**WORK INSTRUCTION**
With pictures excluded, copy word for word the lines in the data below from the line containing "Read the COD" through the line containing "Sit with your".

**DATA IN THIS EXERCISE**
╔══

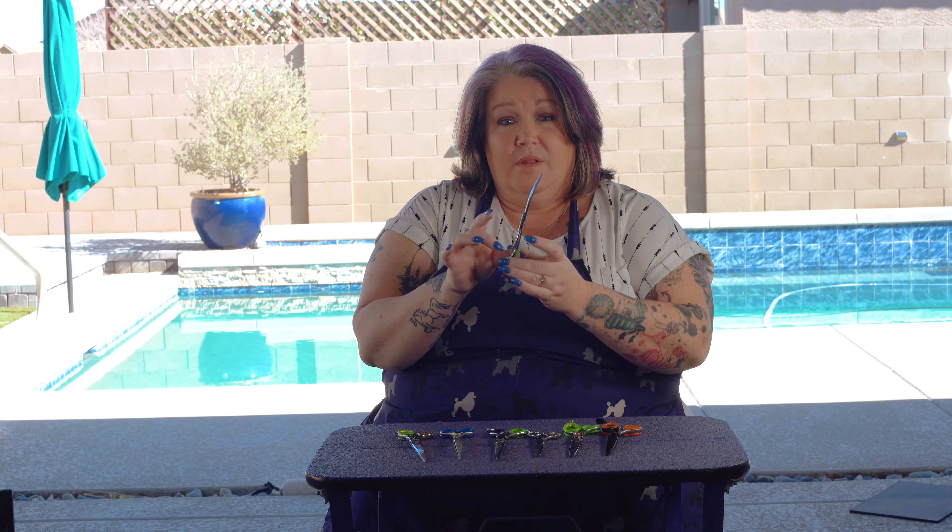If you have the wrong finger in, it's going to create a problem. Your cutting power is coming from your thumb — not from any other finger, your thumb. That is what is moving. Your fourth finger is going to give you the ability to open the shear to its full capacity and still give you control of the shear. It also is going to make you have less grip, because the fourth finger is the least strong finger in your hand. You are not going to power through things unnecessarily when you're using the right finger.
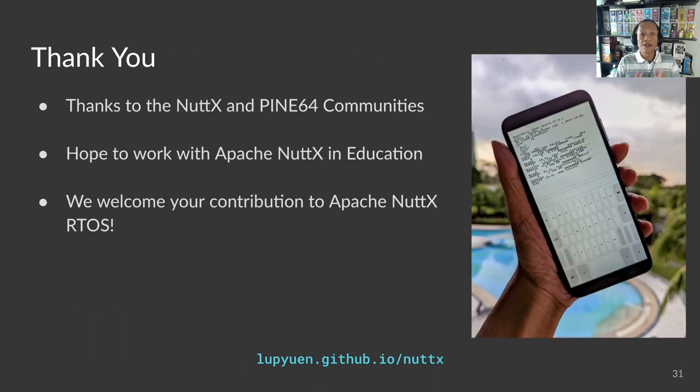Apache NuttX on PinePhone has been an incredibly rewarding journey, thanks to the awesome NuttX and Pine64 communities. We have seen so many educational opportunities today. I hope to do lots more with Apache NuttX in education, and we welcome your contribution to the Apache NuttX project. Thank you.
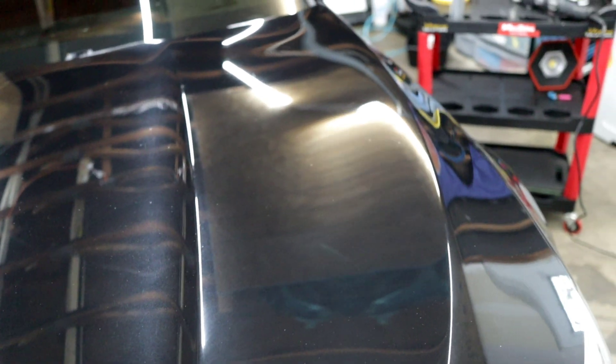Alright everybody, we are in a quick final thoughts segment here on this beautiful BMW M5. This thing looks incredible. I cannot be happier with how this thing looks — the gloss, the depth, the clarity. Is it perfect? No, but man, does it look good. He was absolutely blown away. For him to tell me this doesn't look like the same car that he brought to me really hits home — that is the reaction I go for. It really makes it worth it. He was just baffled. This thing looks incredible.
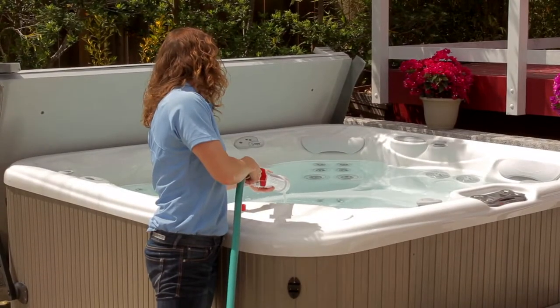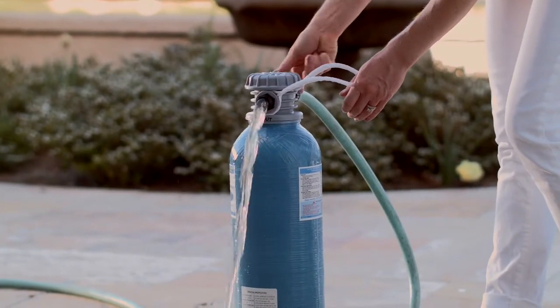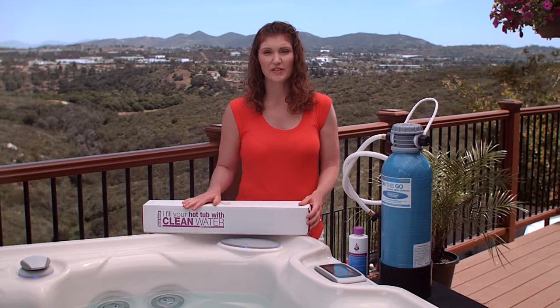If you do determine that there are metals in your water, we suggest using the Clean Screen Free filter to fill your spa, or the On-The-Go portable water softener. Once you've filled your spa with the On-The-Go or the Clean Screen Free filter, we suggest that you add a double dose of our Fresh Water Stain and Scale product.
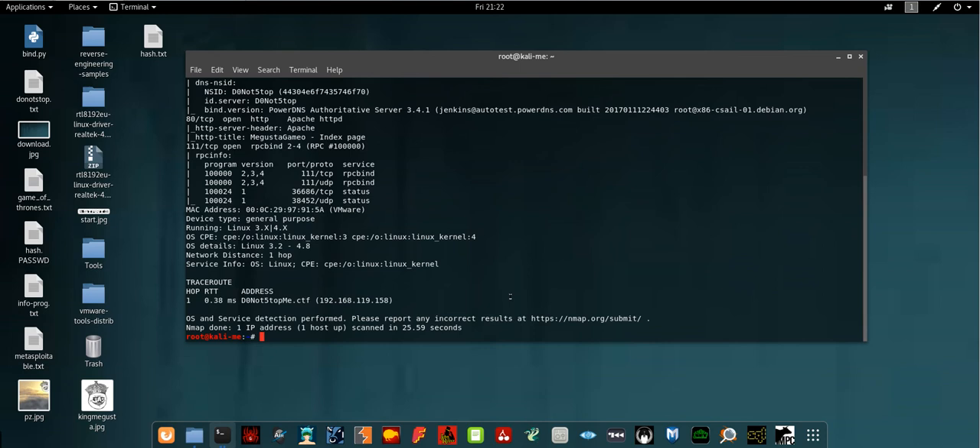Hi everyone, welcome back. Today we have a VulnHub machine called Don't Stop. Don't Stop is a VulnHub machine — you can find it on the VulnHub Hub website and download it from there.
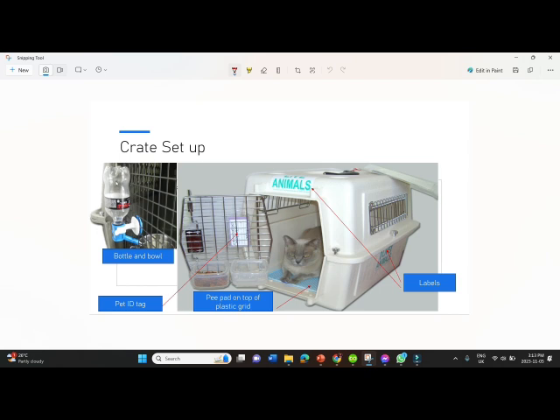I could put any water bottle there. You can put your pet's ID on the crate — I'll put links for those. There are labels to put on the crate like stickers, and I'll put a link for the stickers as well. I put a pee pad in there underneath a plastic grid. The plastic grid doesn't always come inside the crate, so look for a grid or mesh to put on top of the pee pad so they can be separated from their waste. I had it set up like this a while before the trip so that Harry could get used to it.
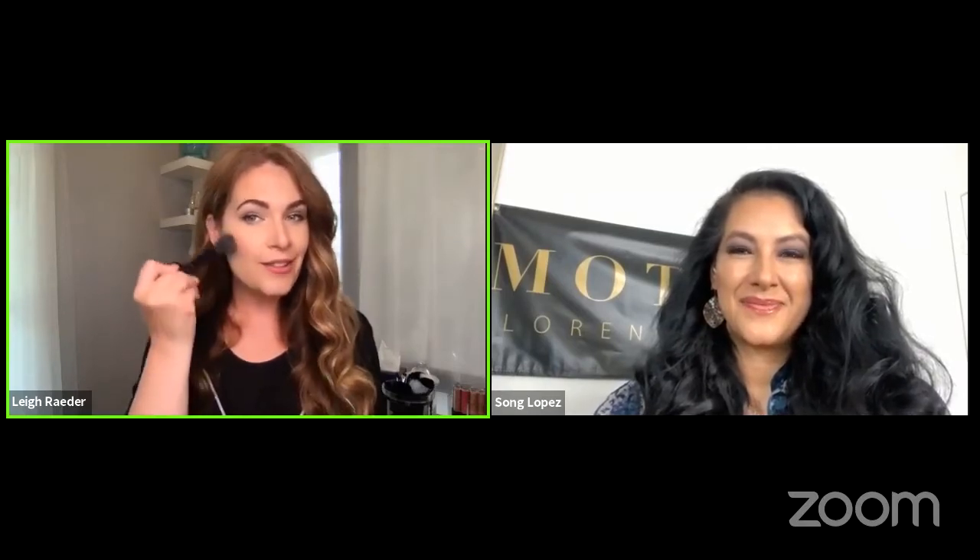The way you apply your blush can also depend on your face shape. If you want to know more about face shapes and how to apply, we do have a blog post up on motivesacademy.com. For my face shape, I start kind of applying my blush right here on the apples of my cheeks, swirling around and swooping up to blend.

╚══
╔══

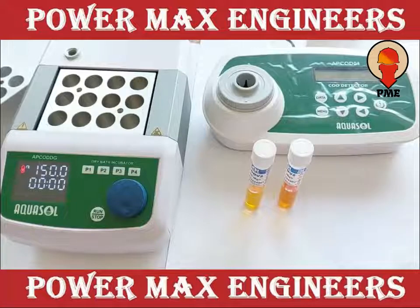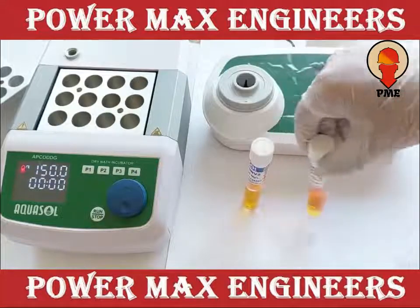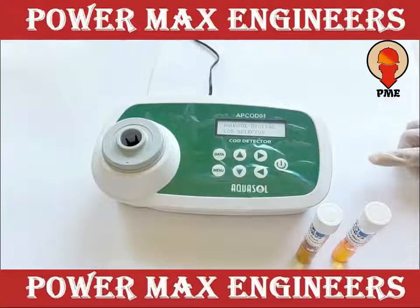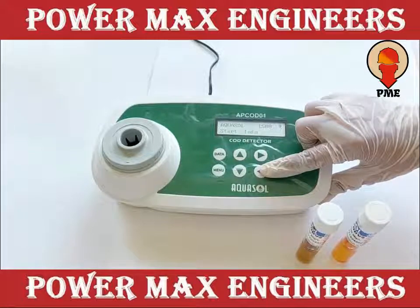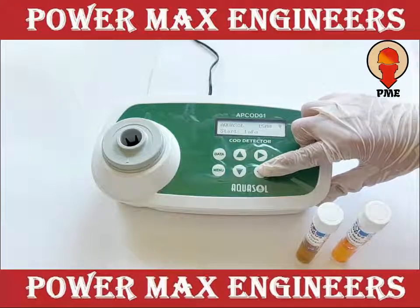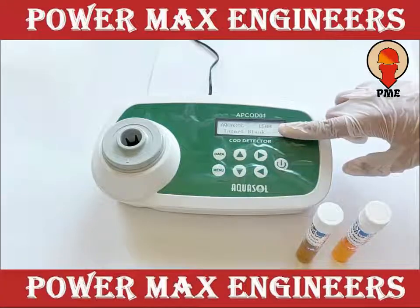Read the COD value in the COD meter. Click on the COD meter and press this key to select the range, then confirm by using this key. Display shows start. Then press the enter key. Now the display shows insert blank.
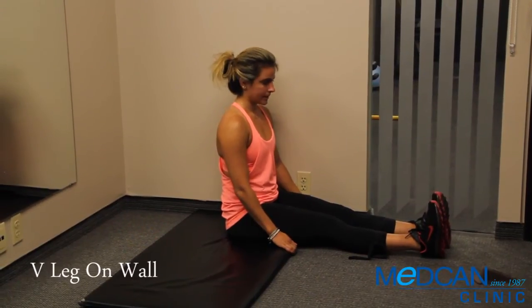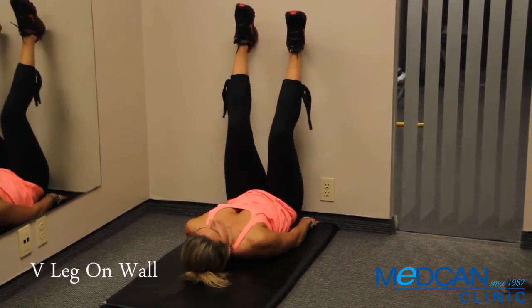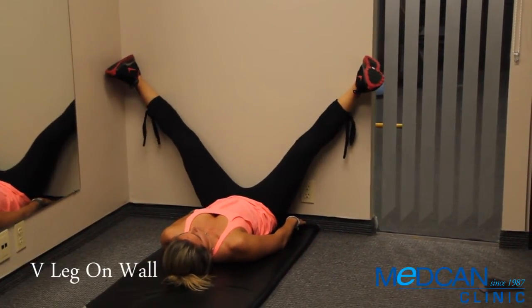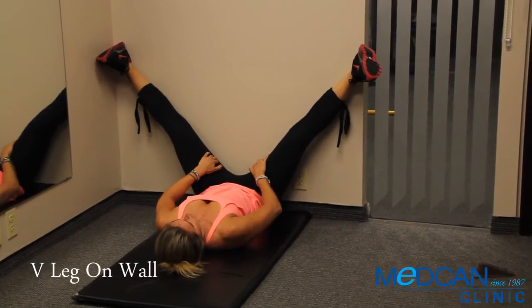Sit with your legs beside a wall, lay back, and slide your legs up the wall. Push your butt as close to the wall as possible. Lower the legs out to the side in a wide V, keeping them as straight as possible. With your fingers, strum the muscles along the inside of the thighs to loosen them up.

╚══

**FINISHED EXERCISE**
Read the COD value in the COD meter. Click on the COD meter and press this key to select the range, then confirm by using this key. Display shows start. Then press the enter key. Now the display shows insert blank.
Sit with your legs beside a wall, lay back, and slide your legs up the wall. Push your butt as close to the wall as possible. Lower the legs out to the side in a wide V, keeping them as straight as possible. With your fingers, strum the muscles along the inside of the thighs to loosen them up.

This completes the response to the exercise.